By observing a karyogram, geneticists can actually visualize the chromosomal composition of an individual to confirm or predict genetic abnormalities in offspring even before birth.

Geneticists Use Karyograms to Identify Chromosomal Aberrations

Although Mendel is referred to as the “father of modern genetics,” he performed his experiments with none of the tools that the geneticists of today routinely employ. One such powerful cytological technique is karyotyping, a method in which traits characterized by chromosomal abnormalities can be identified from a single cell. To observe an individual’s karyotype, a person’s cells (like white blood cells) are first collected from a blood sample or other tissue. In the laboratory, the isolated cells are stimulated to begin actively dividing. A chemical called colchicine is then applied to cells to arrest condensed chromosomes in metaphase. Cells are then made to swell using a hypotonic solution so the chromosomes spread apart. Finally, the sample is preserved in a fixative and applied to a slide.

The geneticist then stains chromosomes with one of several dyes to better visualize the distinct and reproducible banding patterns of each chromosome pair. Following staining, the chromosomes are viewed using bright-field microscopy. A common stain choice is the Giemsa stain. Giemsa staining results in approximately 400–800 bands (of tightly coiled DNA and condensed proteins) arranged along all of the 23 chromosome pairs; an experienced geneticist can identify each band. In addition to the banding patterns, chromosomes are further identified on the basis of size and centromere location. To obtain the classic depiction of the karyotype in which homologous pairs of chromosomes are aligned in numerical order from longest to shortest, the geneticist obtains a digital image, identifies each chromosome, and manually arranges the chromosomes into this pattern (Figure 1).

At its most basic, the karyogram may reveal genetic abnormalities in which an individual has too many or too few chromosomes per cell. Examples of this are Down Syndrome, which is identified by a third copy of chromosome 21, and Turner Syndrome, which is characterized by the presence of only one X chromosome in women instead of the normal two. Geneticists can also identify large deletions or insertions of DNA. For instance, Jacobsen Syndrome—which involves distinctive facial features as well as heart and bleeding defects—is identified by a deletion on chromosome 11. Finally, the karyotype can pinpoint translocations, which occur when a segment of genetic material breaks from one chromosome and reattaches to another chromosome or to a different part of the same chromosome. Translocations are implicated in certain cancers, including chronic myelogenous leukemia.

During Mendel’s lifetime, inheritance was an abstract concept that could only be inferred by performing crosses and observing the traits expressed by offspring. By observing a karyogram, today’s geneticists can actually visualize the chromosomal composition of an individual to confirm or predict genetic abnormalities in offspring, even before birth.

Of all the chromosomal disorders, abnormalities in chromosome number are the most easily identifiable from a karyogram. Disorders of chromosome number include the duplication or loss of entire chromosomes, as well as changes in the number of complete sets of chromosomes. They are caused by nondisjunction, which occurs when pairs of homologous chromosomes or sister chromatids fail to separate during meiosis. The risk of nondisjunction increases with the age of the parents.

Nondisjunction can occur during either meiosis I or II, with different results (Figure 2). If homologous chromosomes fail to separate during meiosis I, the result is two gametes that lack that chromosome and two gametes with two copies of the chromosome. If sister chromatids fail to separate during meiosis II, the result is one gamete that lacks that chromosome, two normal gametes with one copy of the chromosome, and one gamete with two copies of the chromosome.

non-disjunction
Figure 2 Nondisjunction occurs when homologous chromosomes or sister chromatids fail to separate during meiosis, resulting in an abnormal chromosome number.
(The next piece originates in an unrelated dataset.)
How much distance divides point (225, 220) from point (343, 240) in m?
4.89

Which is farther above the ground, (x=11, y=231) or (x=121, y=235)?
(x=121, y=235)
Nondisjunction may occur during meiosis I or meiosis II. Photo credit Tweety207; Wikimedia.

An individual with the appropriate number of chromosomes for their species is called euploid; in humans, euploidy corresponds to 22 pairs of autosomes and one pair of sex chromosomes (such as is seen in the karyotype in Figure 1). An individual with an error in chromosome number is described as aneuploid, a term that includes monosomy (loss of one chromosome) or trisomy (gain of an extraneous chromosome). Monosomic human zygotes missing any one copy of an autosome invariably fail to develop to birth because they have only one copy of essential genes. Most autosomal trisomies also fail to develop to birth; however, duplications of some of the smaller chromosomes (13, 15, 18, 21, or 22) can result in offspring that survive for several weeks to many years. Trisomic individuals suffer from a different type of genetic imbalance: an excess in gene dose. Cell functions are calibrated to the amount of gene product produced by two copies (doses) of each gene; adding a third copy (dose) disrupts this balance. The most common trisomy is that of chromosome 21, which leads to Down syndrome. Individuals with this inherited disorder have characteristic physical features and developmental delays in growth and cognition.

Figure 3 Karyotype of an individual with Down Syndrome. Photo credit U.S. Department of Energy Human Genome Program. Wikimedia.

The incidence of Down syndrome is correlated with maternal age, such that older women are more likely to give birth to children with Down syndrome (Figure 4).

Figure 4: The incidence of having a fetus with trisomy 21 increases dramatically with maternal age.

An individual with more than the correct number of chromosome sets (two for diploid species) is called polyploid. For instance, fertilization of an abnormal diploid egg with a normal haploid sperm would yield a triploid zygote. Polyploid animals are extremely rare, with only a few examples among the flatworms, crustaceans, amphibians, fish, and lizards. Triploid animals are sterile because meiosis cannot proceed normally with an odd number of chromosome sets. In contrast, polyploidy is very common in the plant kingdom, and polyploid plants tend to be larger and more robust than euploids of their species (Figure 5).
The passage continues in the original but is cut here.